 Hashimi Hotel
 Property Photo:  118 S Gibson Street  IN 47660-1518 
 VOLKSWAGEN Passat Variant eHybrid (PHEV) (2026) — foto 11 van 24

...

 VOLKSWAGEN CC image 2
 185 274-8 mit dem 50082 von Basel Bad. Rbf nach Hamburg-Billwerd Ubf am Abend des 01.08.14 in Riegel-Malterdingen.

==

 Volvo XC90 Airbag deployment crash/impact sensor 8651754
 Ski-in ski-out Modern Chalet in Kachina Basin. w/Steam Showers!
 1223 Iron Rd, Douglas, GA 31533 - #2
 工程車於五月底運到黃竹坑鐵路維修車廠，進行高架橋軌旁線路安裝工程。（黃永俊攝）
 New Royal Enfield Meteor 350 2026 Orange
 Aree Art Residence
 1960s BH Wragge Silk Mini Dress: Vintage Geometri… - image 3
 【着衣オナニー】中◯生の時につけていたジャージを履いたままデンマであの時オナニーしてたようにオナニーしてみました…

▶ _TASK GOAL_: Scan the entries above for the word "image". Report the lines that hold it.

▶ _YOUR SOLUTION_:
 VOLKSWAGEN CC image 2
 1960s BH Wragge Silk Mini Dress: Vintage Geometri… - image 3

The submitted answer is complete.